• Given entries:
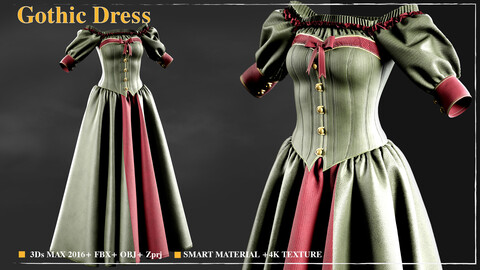 Gothic Dress 003/Marvelous Designer / 4k Textures/Smart material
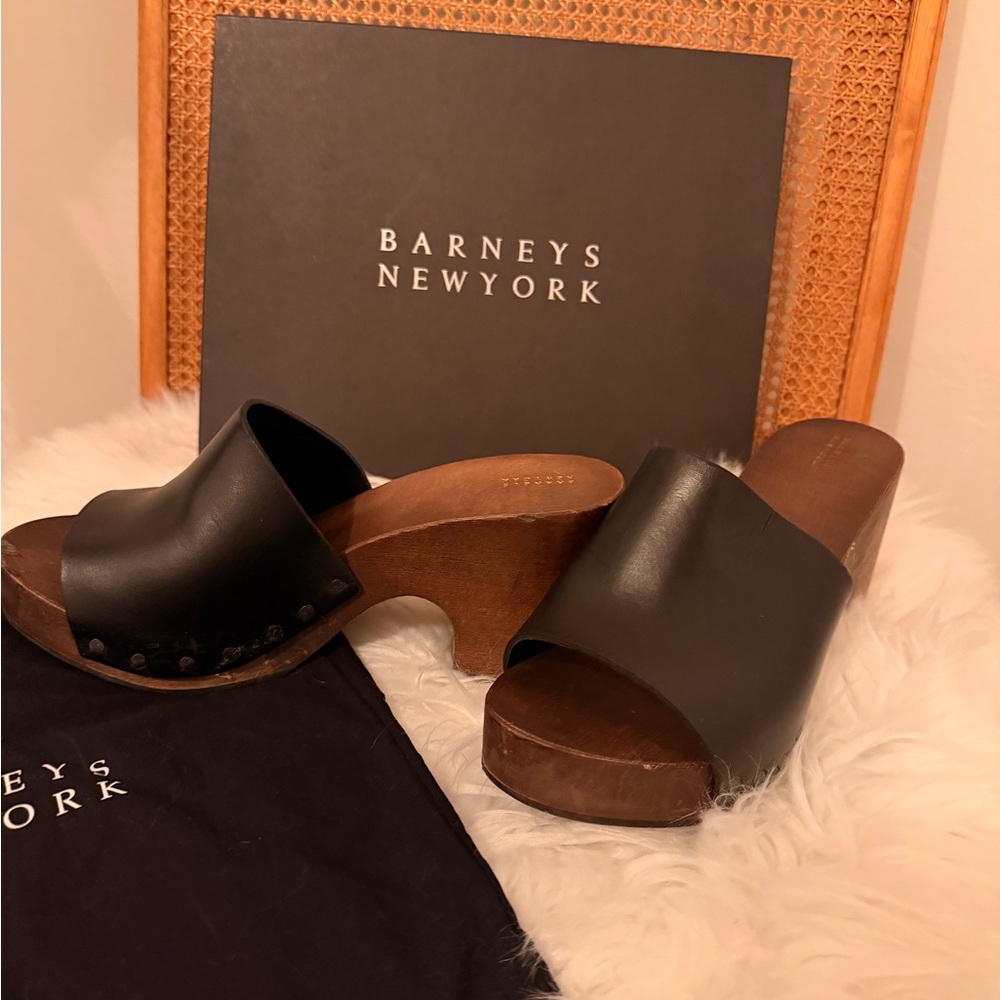 Barney’s NY Wooden Slide Sandal/Clog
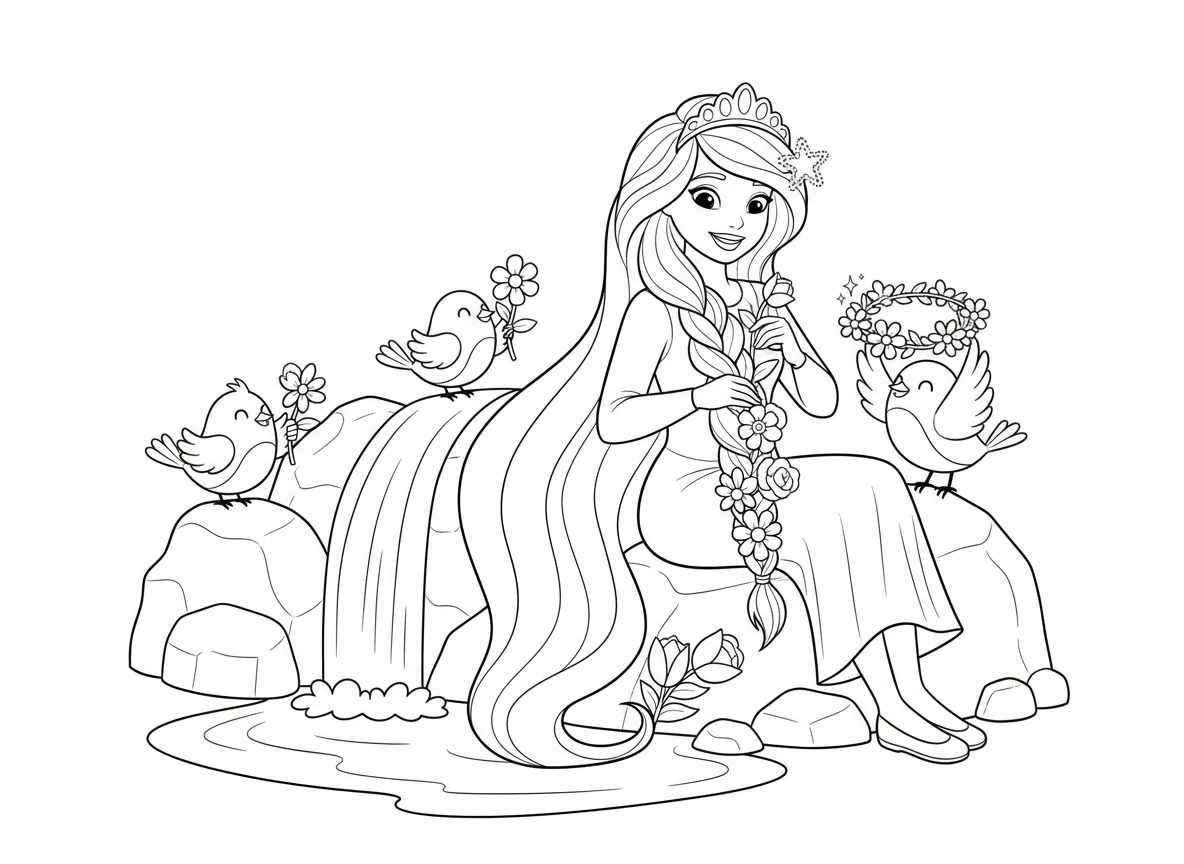 נסיכה עם שיער קשת קולעת פרחים - נסיכה עם שיער ארוך בצבעי הקשת קולעת פרחים לתוכו, כל חלק בצבע אחר, יושבת ליד מפל, ציפורים חברות עוזרות, כתר פרחים מורכב, סיכות שיער נוצצות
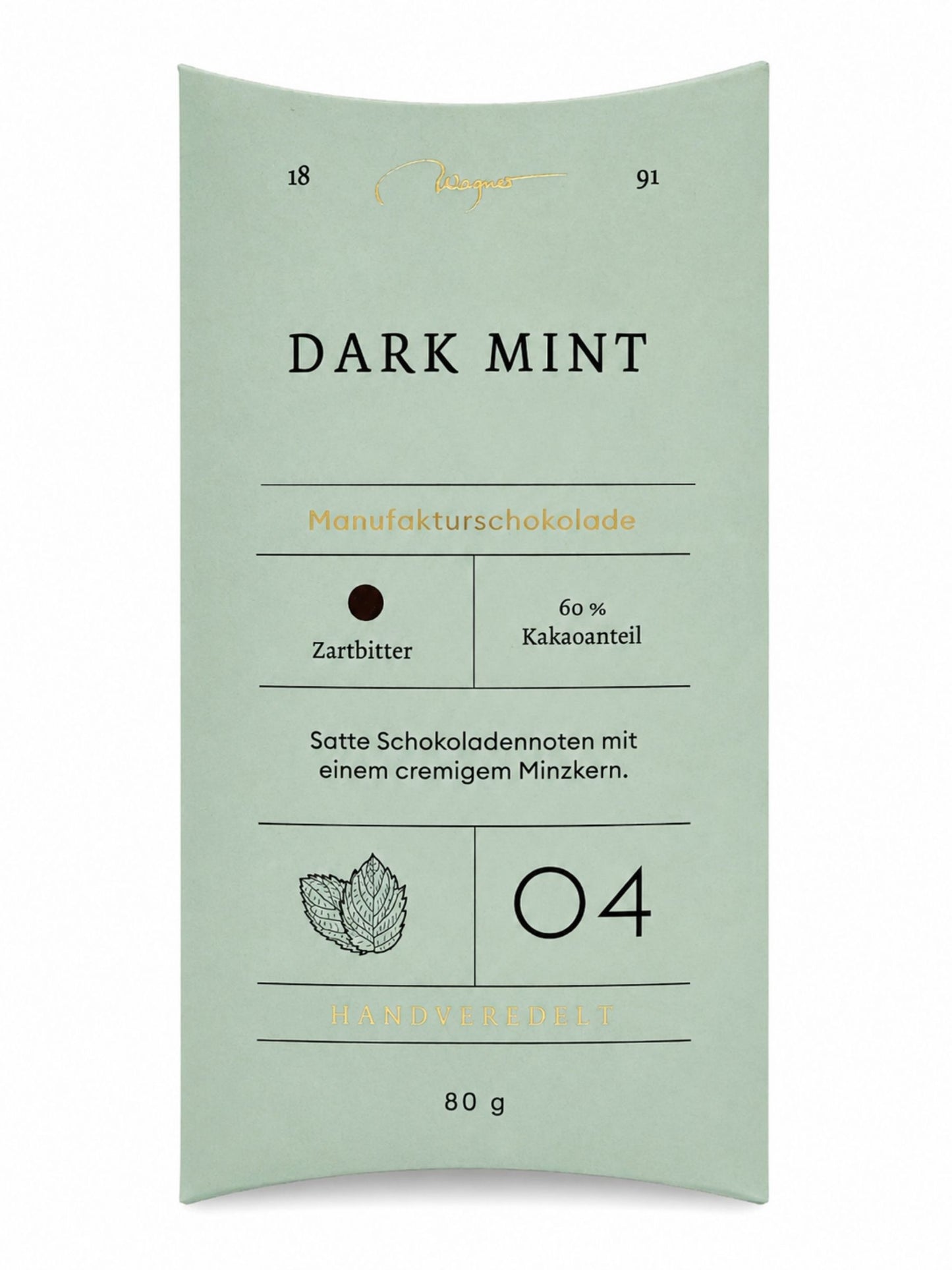 Manufakturschokolade Dark Mint Zartbitter 80g Wagner Pralinen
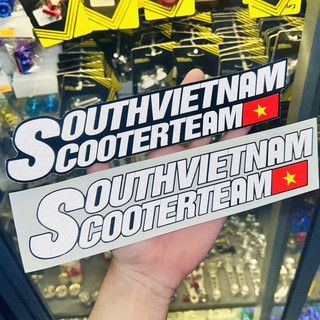 Tem logo sticker racing hội nhóm chữ SouthVN Scooter Team size 25cm , chất liệu decal in phản quang chống thấm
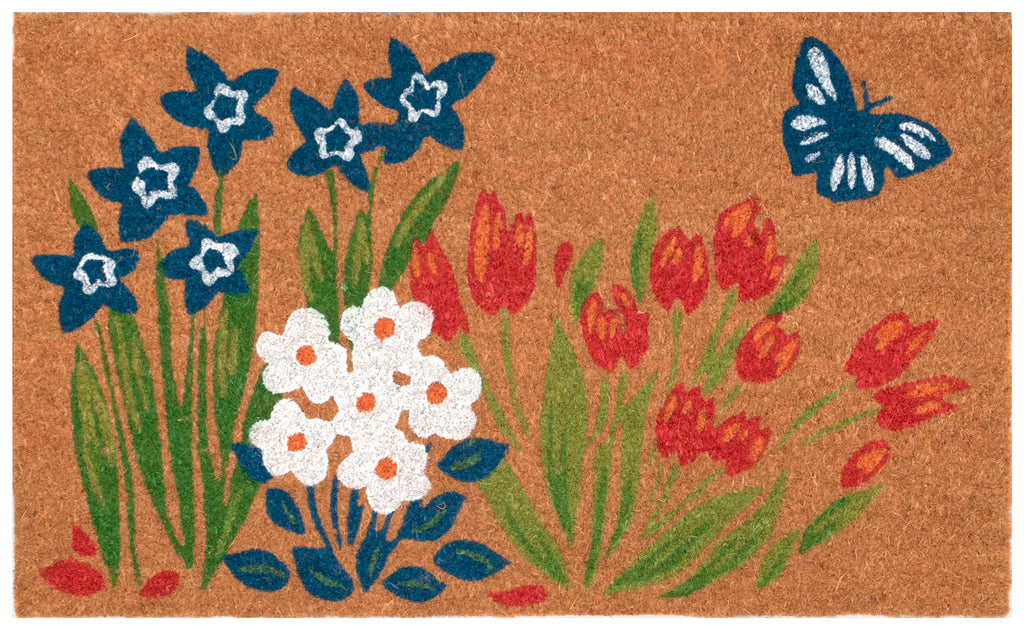 Natura Fresh Flowers Coir Doormat with Non-Slip Backing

• What to produce: Please write out all the data again word for word, but not the pictures.

• Answer below:
 Gothic Dress 003/Marvelous Designer / 4k Textures/Smart material
 Barney’s NY Wooden Slide Sandal/Clog
 נסיכה עם שיער קשת קולעת פרחים - נסיכה עם שיער ארוך בצבעי הקשת קולעת פרחים לתוכו, כל חלק בצבע אחר, יושבת ליד מפל, ציפורים חברות עוזרות, כתר פרחים מורכב, סיכות שיער נוצצות
 Manufakturschokolade Dark Mint Zartbitter 80g Wagner Pralinen
 Tem logo sticker racing hội nhóm chữ SouthVN Scooter Team size 25cm , chất liệu decal in phản quang chống thấm
 Natura Fresh Flowers Coir Doormat with Non-Slip Backing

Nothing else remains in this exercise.